_What the exercise asks_
Once the line holding "Przeplatanka Sensoryczna Drewniana" is found in the entries below, restate it and each line after it word for word, with no pictures.

Extracted records:
══════════

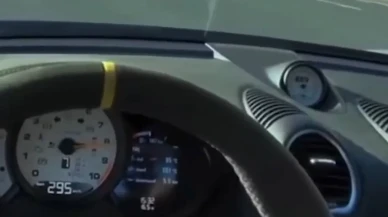 Otobanda 300 KM Basınca Yakalandı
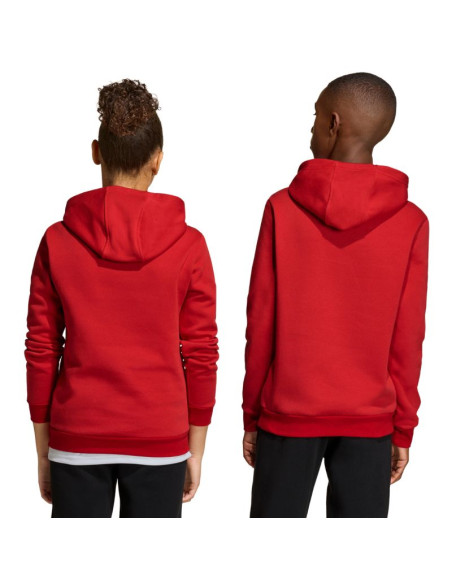 Bluza dla dzieci adidas entrada 26 hoody czerwona jz6568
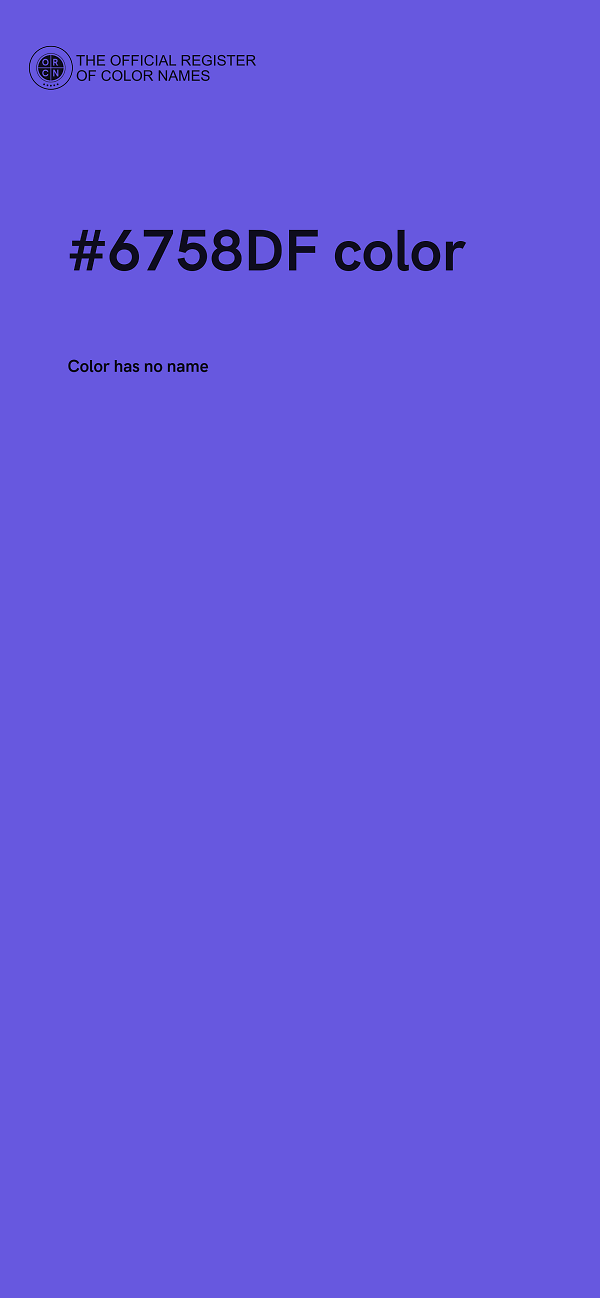 #6758DF color image
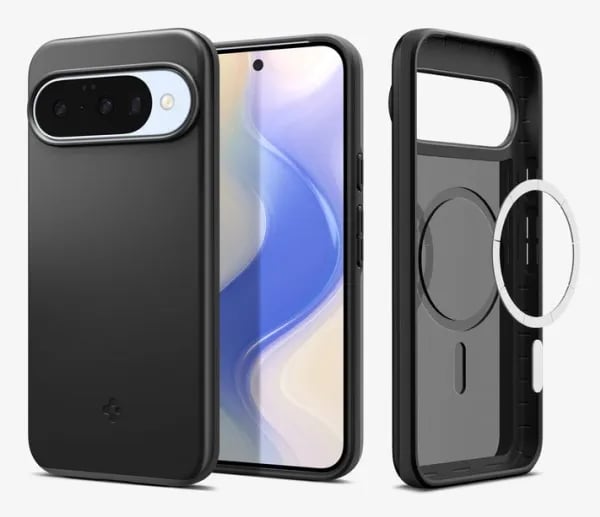 Spigen ACS09699, Suojus, Google, Google - Pixel 10 Pro Google - Pixel 10, 16 cm (6.3"), musta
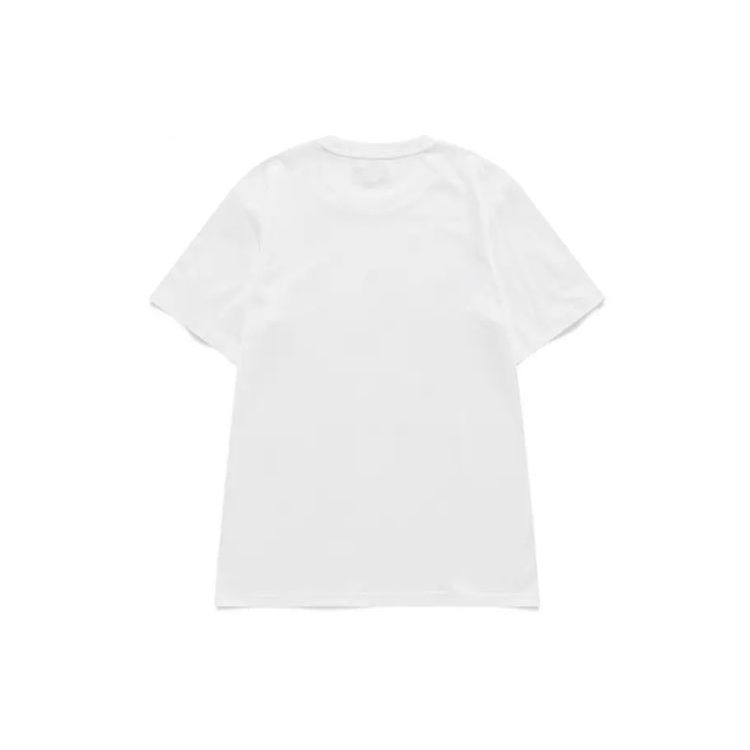 Fila Fusion Brand Logo Print Round Neck Short Sleeve T-Shirt Unisex Tops White T11M829150IWT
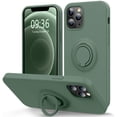 thumbnail image 1 of MOCCA Compatible with iPhone 12 Case, iPhone 12 Pro Case 6.1inch with Ring Kickstand |Super Soft Microfiber, 1 of 5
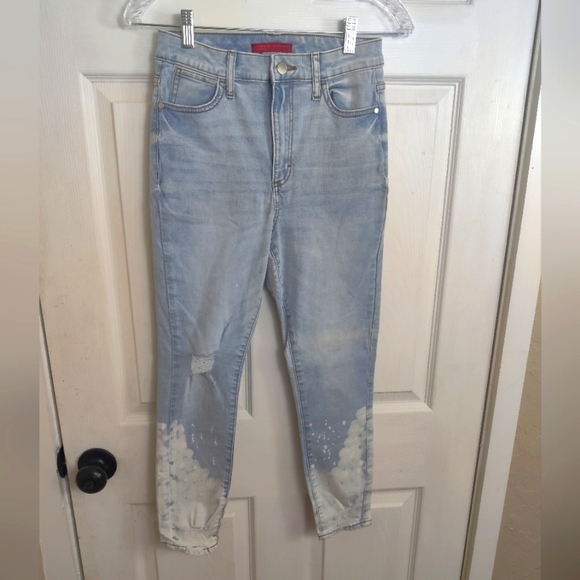 Jennifer Lopez High Rise Skinny Crop Jeans Size 4 - Picture 1 of 5
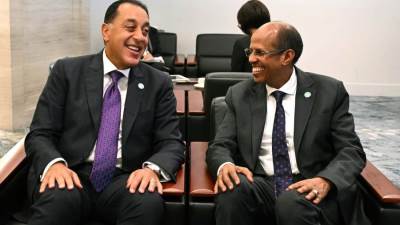 رئيس الوزراء يلتقي رئيس مفوضية الاتحاد الأفريقي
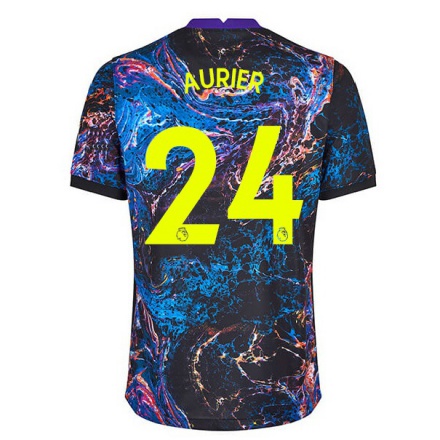Damen Fußball Serge Aurier #24 Mehrfarbig Auswärtstrikot Trikot 2021/22 T-Shirt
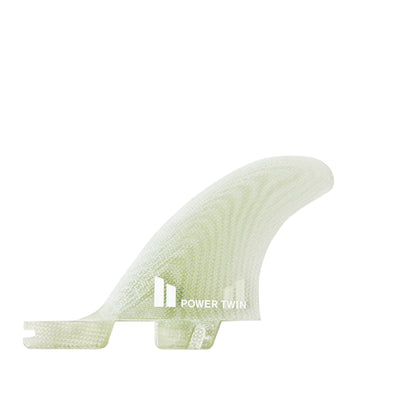 POWER TWIN + STABILISER FIN SET - CLEAR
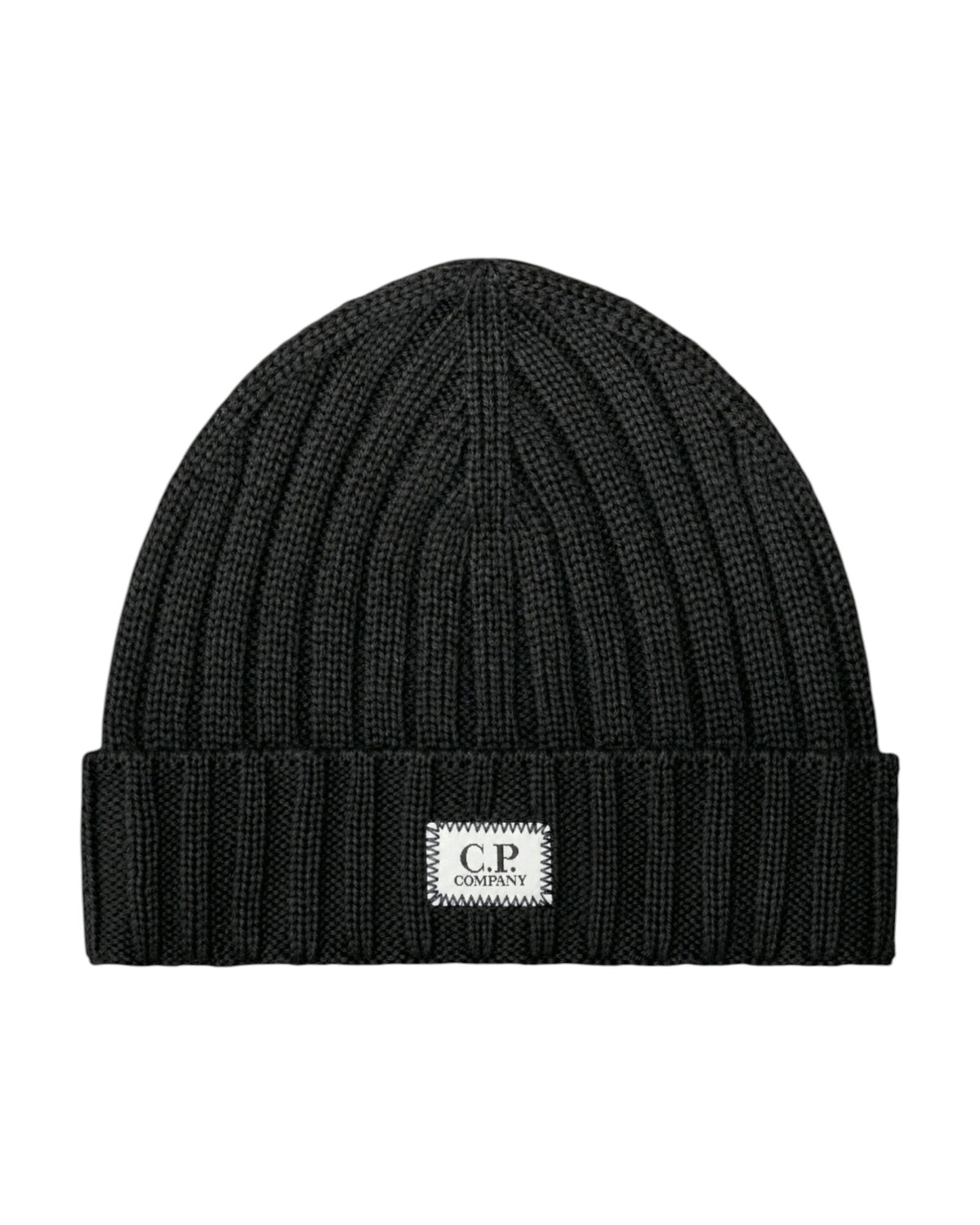 C.P. Company Merino Logo Herren-Beanie - CP Company - MEINFREUDENHAUS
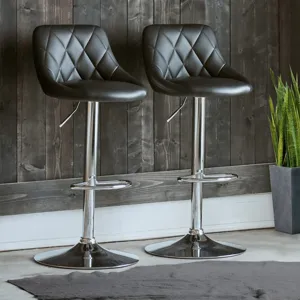 Melissa (D235-4) Black Bar Stool (2 Per Carton)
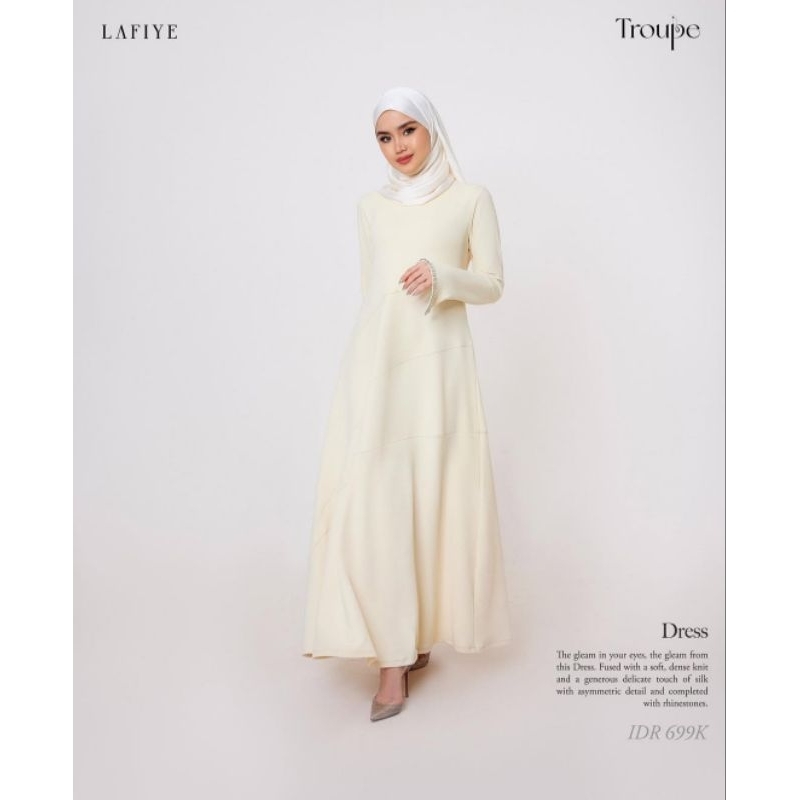 LAFIYE TROUPE DRESS XL | SKIV ROU CREAM | PARLOR SKIRT XL ARCHIVE SALE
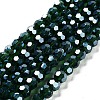 Electroplate Transparent Glass Beads Strands EGLA-A035-T6mm-A10-1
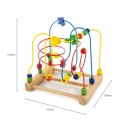 Przeplatanka Sensoryczna Drewniana Edukacyjny Labirynt Viga Toys Montessori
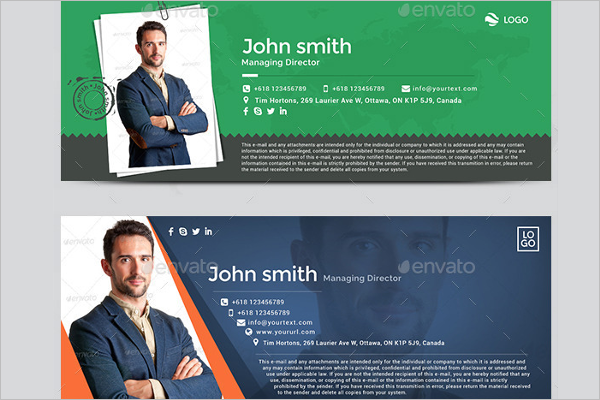 FreeÂ Email Signature Template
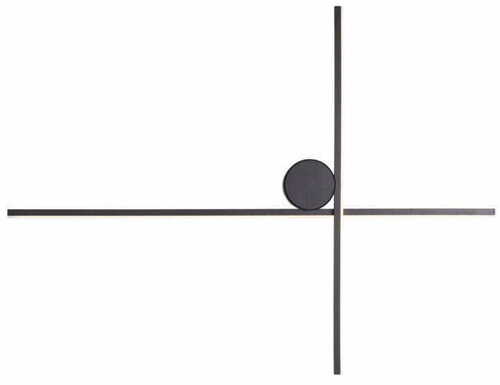 Check Max Light ARNE W0369 Wall Light LED 10W 650lm 3000K Black IP44, Two Bars 60 x 45 cm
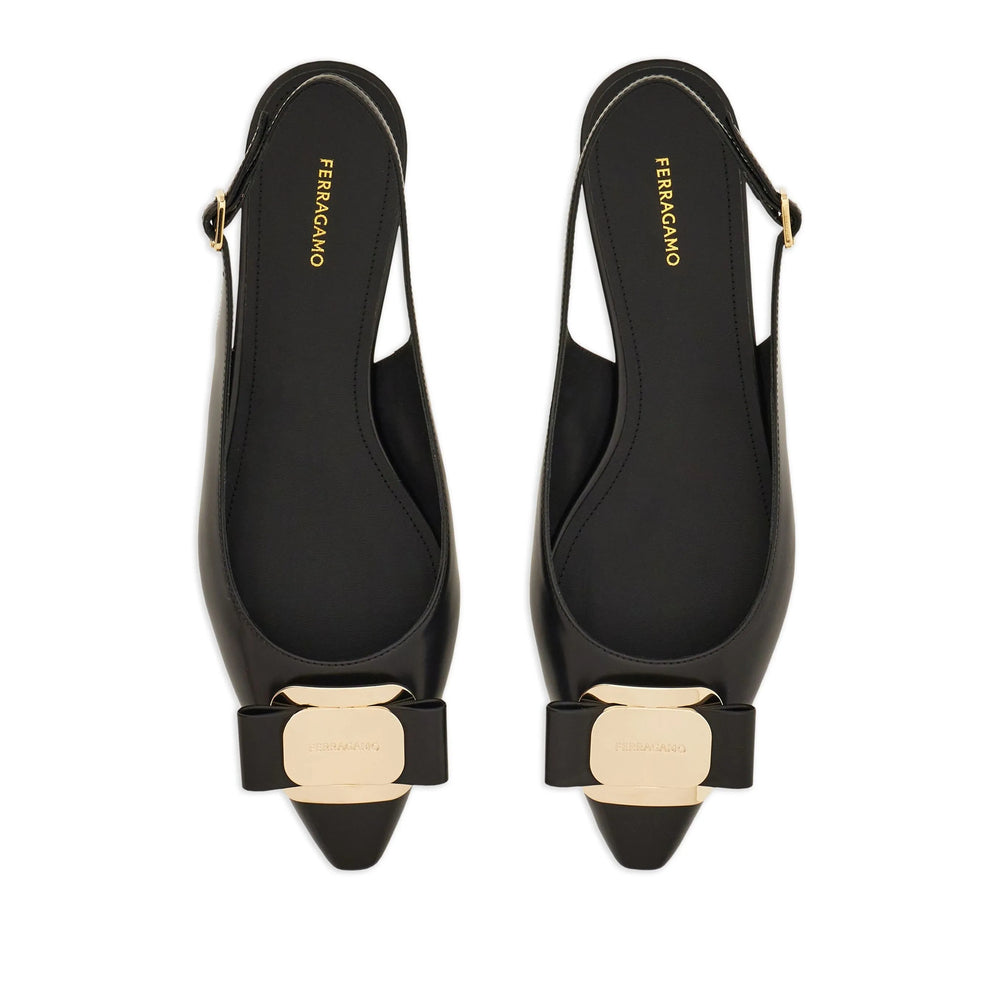 Ferragamo Black Ballet Flats Women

══════════

_Response to this task_
 Przeplatanka Sensoryczna Drewniana Edukacyjny Labirynt Viga Toys Montessori
 FreeÂ Email Signature Template
 Check Max Light ARNE W0369 Wall Light LED 10W 650lm 3000K Black IP44, Two Bars 60 x 45 cm
 Ferragamo Black Ballet Flats Women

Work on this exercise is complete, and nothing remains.